**Work order**
Transcribe the records word for word. Leave every picture out.

::::

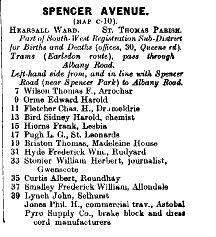 Spencer Avenue 1912 Directory p1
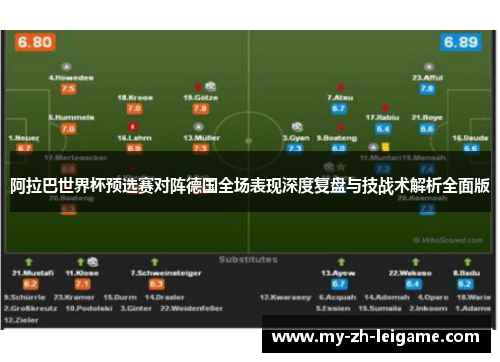 阿拉巴世界杯预选赛对阵德国全场表现深度复盘与技战术解析全面版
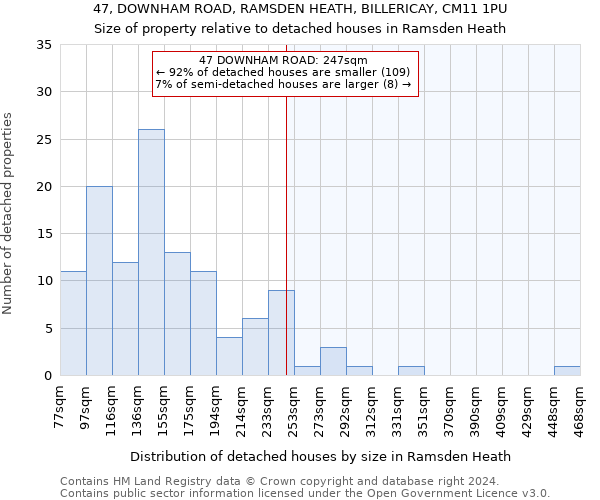 47, DOWNHAM ROAD, RAMSDEN HEATH, BILLERICAY, CM11 1PU: Size of property relative to detached houses in Ramsden Heath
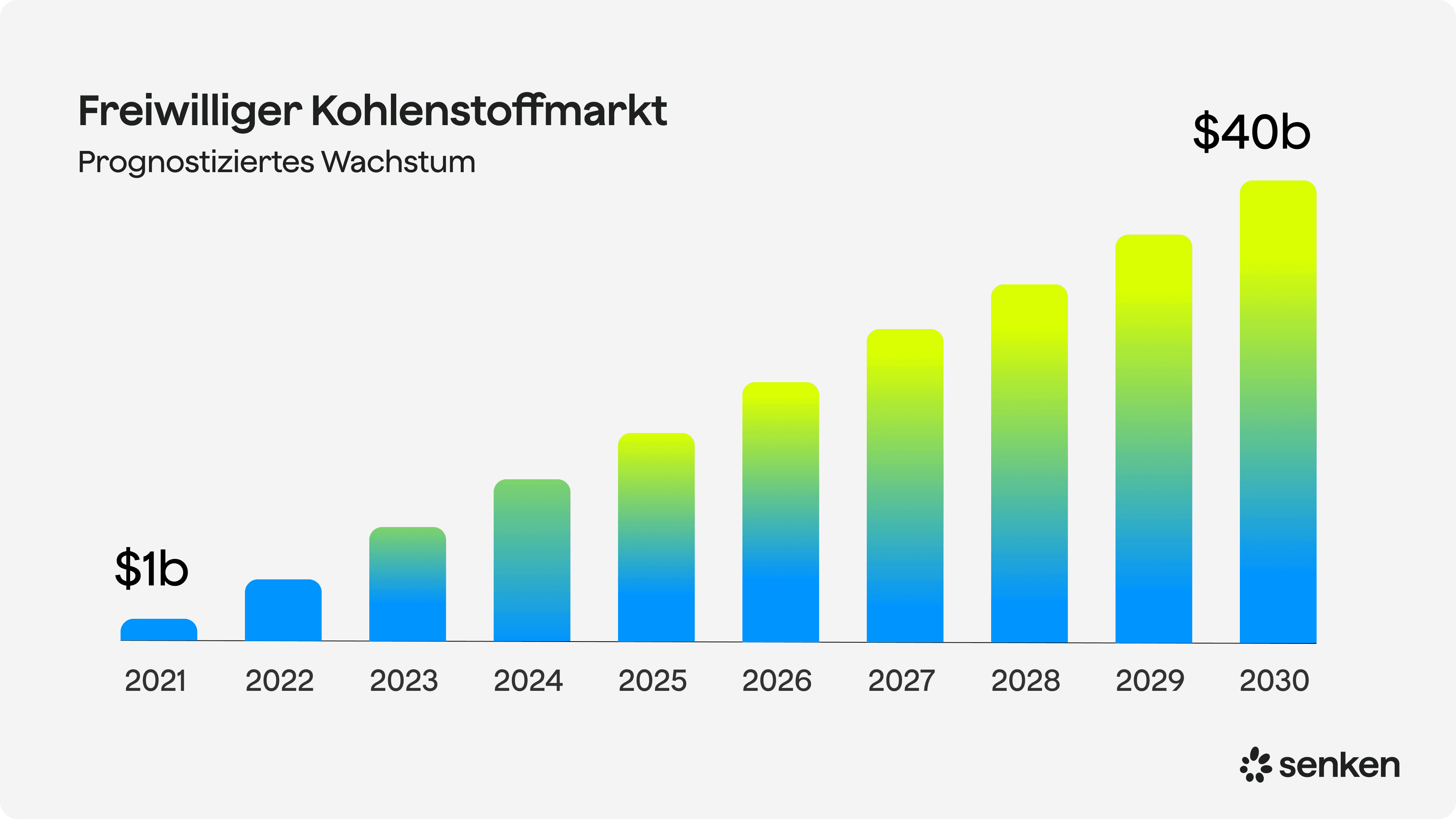 Prognostiziertes Wachstum des freiwilligen Kohlenstoffmarkts von 2021 bis 2030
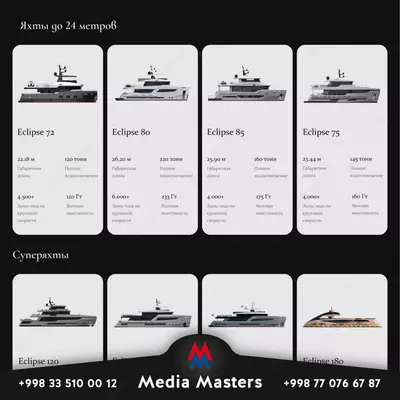 Разработка сайтов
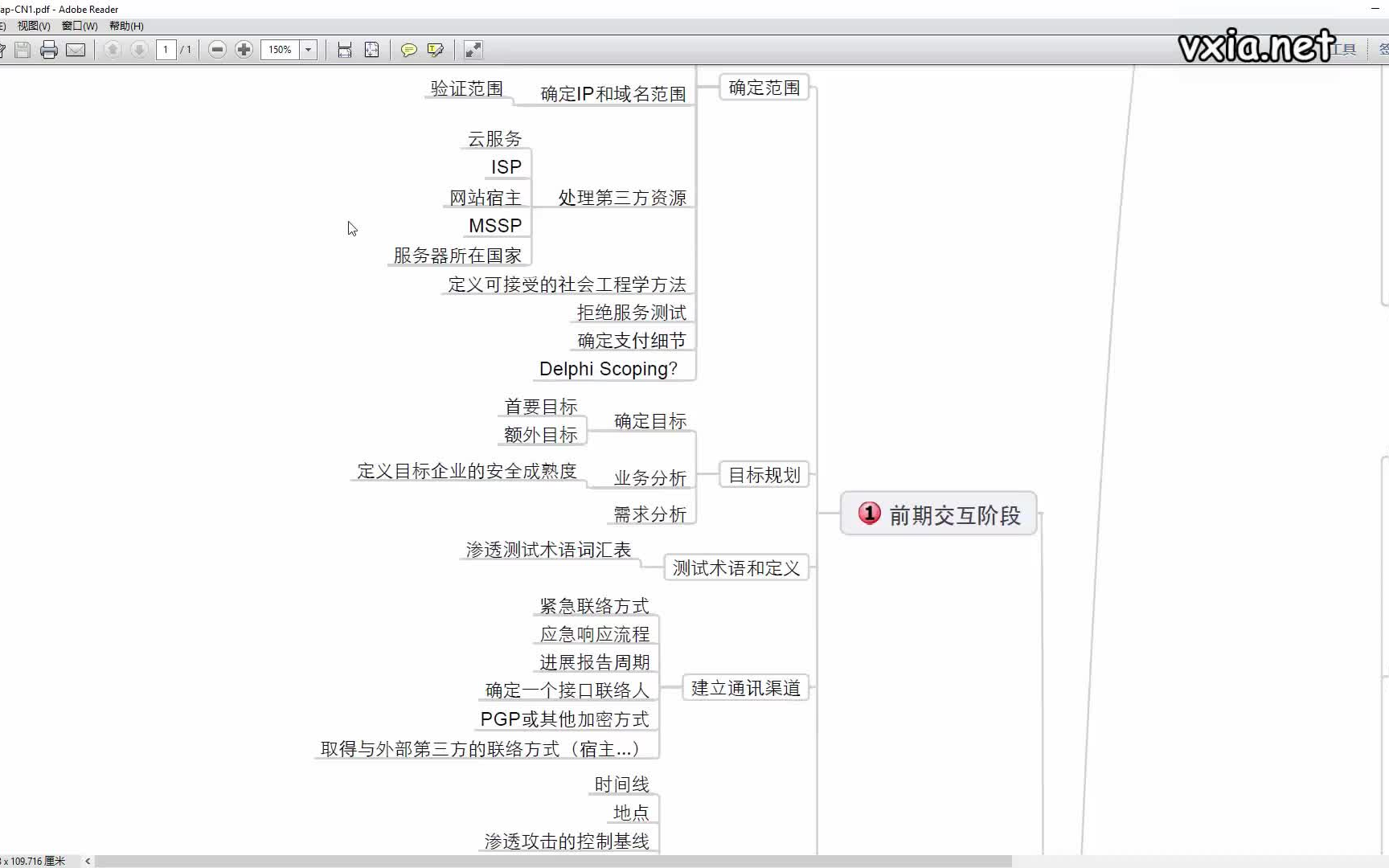 麦子学院  网络安全信息收集专题课程哔哩哔哩bilibili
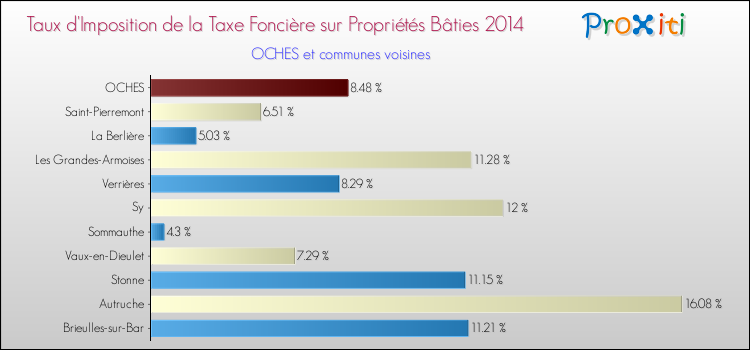 Taux d'imposition de la taxe foncière sur le bati 2014 pour OCHES et les communes proches Comparaison des taux d'imposition de la taxe foncière sur le bati 2014 pour OCHES et les communes voisines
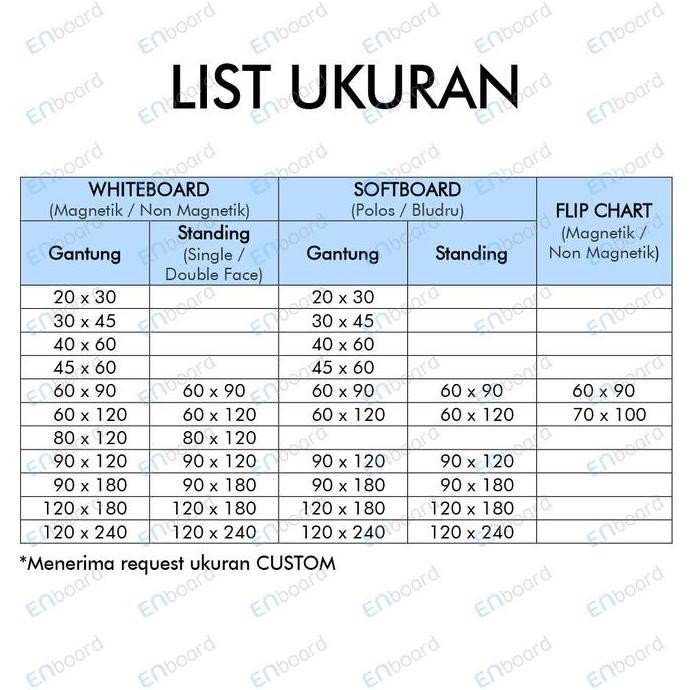 

Papan Tulis Whiteboard / White Board Standing Magnetik Single Face Sensa 120 X 200 Cm New Stok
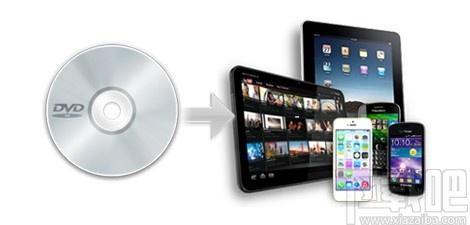 BlazeVideo DVD Ripper下载,DVD开膛手,刻录软件,光盘翻录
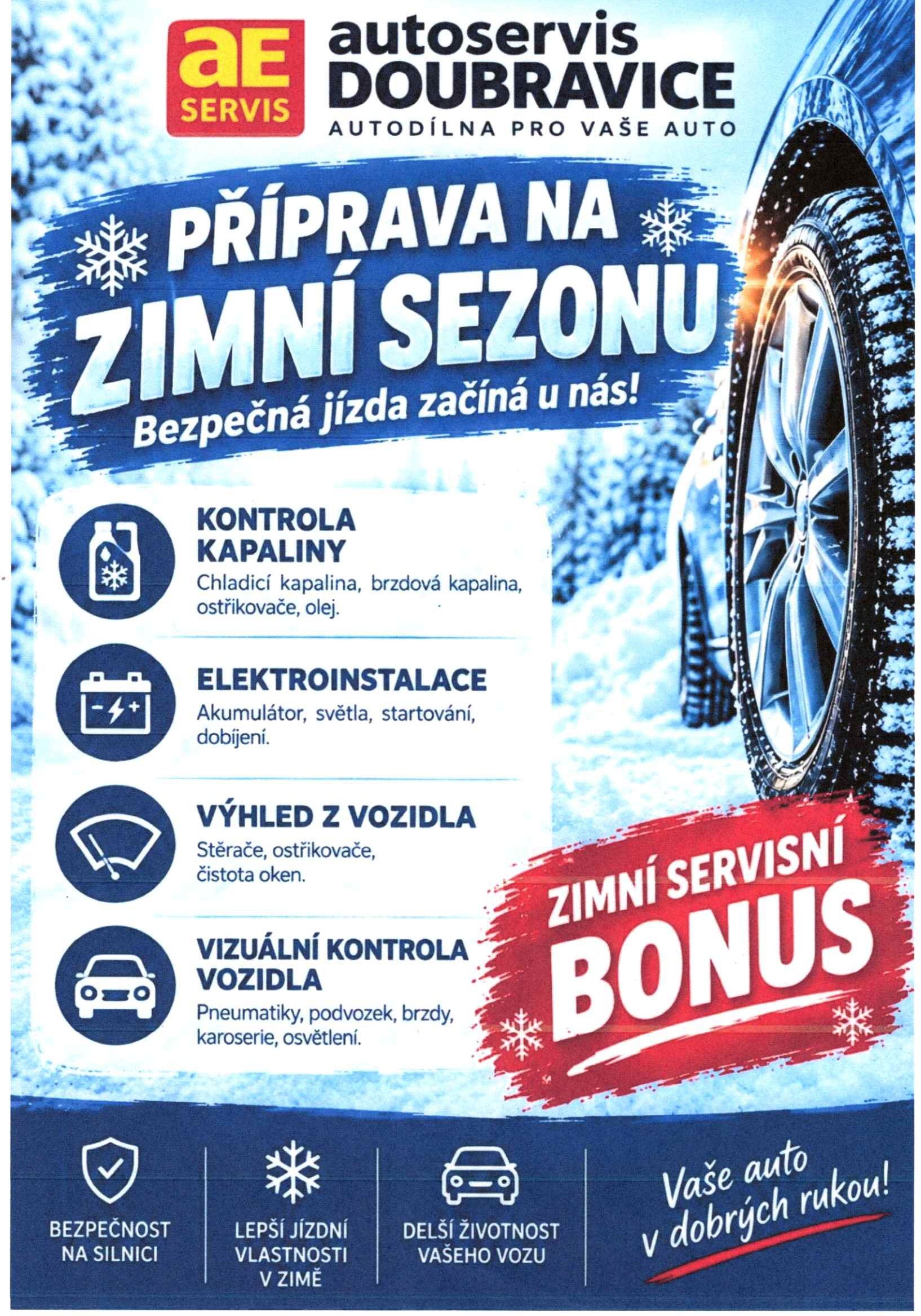 Aktuální pracovní doba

::::

**Output for this exercise**
 Spencer Avenue 1912 Directory p1
 阿拉巴世界杯预选赛对阵德国全场表现深度复盘与技战术解析全面版
 47, DOWNHAM ROAD, RAMSDEN HEATH, BILLERICAY, CM11 1PU: Size of property relative to detached houses in Ramsden Heath
 Prognostiziertes Wachstum des freiwilligen Kohlenstoffmarkts von 2021 bis 2030
 Разработка сайтов
 麦子学院  网络安全信息收集专题课程哔哩哔哩bilibili
 Taux d'imposition de la taxe foncière sur le bati 2014 pour OCHES et les communes proches Comparaison des taux d'imposition de la taxe foncière sur le bati 2014 pour OCHES et les communes voisines

Papan Tulis Whiteboard / White Board Standing Magnetik Single Face Sensa 120 X 200 Cm New Stok
 BlazeVideo DVD Ripper下载,DVD开膛手,刻录软件,光盘翻录
 Aktuální pracovní doba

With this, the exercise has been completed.